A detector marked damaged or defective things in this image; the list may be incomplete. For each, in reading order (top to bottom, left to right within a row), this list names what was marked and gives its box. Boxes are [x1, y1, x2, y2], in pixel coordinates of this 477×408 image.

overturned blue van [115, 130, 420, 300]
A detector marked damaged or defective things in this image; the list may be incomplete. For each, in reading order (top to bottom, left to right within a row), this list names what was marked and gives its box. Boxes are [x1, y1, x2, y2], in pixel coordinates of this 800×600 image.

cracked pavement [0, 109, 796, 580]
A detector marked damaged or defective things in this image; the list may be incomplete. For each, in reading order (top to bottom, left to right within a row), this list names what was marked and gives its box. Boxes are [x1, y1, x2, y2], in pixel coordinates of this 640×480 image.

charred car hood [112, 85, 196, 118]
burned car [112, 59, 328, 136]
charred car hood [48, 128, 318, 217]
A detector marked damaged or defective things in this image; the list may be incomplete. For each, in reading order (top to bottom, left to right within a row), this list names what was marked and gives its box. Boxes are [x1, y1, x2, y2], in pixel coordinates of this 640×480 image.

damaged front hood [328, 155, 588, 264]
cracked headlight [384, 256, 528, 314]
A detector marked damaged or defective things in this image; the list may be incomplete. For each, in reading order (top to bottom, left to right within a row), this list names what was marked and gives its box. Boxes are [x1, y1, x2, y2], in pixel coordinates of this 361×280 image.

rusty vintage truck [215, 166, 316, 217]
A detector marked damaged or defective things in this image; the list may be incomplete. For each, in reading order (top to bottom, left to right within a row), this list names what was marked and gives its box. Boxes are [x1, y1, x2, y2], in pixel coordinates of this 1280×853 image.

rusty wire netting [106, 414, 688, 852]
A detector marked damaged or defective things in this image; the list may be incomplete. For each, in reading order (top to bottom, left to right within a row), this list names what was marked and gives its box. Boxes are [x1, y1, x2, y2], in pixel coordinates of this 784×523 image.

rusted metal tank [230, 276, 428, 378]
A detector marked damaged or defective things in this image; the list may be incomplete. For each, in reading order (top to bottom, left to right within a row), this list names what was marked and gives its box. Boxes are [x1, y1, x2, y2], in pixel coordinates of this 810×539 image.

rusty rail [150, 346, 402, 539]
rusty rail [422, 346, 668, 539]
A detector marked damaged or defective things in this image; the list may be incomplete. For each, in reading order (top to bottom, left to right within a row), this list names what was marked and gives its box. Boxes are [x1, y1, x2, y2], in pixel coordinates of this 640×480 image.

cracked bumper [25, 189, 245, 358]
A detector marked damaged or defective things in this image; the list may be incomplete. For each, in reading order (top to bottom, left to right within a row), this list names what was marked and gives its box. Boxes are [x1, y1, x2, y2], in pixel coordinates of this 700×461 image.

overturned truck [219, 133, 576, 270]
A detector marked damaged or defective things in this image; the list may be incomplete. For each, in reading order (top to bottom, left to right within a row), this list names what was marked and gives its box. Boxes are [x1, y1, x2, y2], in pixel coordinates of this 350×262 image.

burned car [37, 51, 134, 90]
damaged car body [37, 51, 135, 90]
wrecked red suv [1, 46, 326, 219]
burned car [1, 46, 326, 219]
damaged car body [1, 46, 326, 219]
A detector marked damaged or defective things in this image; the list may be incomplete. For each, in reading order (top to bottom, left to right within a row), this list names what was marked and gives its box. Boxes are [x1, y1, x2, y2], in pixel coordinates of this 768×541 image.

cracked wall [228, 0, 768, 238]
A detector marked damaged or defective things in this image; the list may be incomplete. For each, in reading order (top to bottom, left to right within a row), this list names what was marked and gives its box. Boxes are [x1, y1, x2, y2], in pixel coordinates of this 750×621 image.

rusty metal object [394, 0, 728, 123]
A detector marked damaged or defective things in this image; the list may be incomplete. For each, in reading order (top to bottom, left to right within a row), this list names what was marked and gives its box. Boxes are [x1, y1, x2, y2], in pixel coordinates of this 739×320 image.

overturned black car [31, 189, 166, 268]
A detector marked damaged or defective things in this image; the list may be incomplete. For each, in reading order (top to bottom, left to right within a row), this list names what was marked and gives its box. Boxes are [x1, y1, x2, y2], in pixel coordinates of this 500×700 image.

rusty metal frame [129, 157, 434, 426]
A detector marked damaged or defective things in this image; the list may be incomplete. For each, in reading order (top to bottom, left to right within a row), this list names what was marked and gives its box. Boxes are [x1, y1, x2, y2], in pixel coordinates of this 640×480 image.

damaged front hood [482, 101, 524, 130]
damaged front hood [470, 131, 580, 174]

- - - -

=== Work item ===
An exact repeat of the lines from the one containing "this 500×700 image." through the final line of the entries is the whole answer.

=== Task solution ===
A detector marked damaged or defective things in this image; the list may be incomplete. For each, in reading order (top to bottom, left to right within a row), this list names what was marked and gives its box. Boxes are [x1, y1, x2, y2], in pixel coordinates of this 500×700 image.

rusty metal frame [129, 157, 434, 426]
A detector marked damaged or defective things in this image; the list may be incomplete. For each, in reading order (top to bottom, left to right within a row), this list names what was marked and gives its box. Boxes are [x1, y1, x2, y2], in pixel coordinates of this 640×480 image.

damaged front hood [482, 101, 524, 130]
damaged front hood [470, 131, 580, 174]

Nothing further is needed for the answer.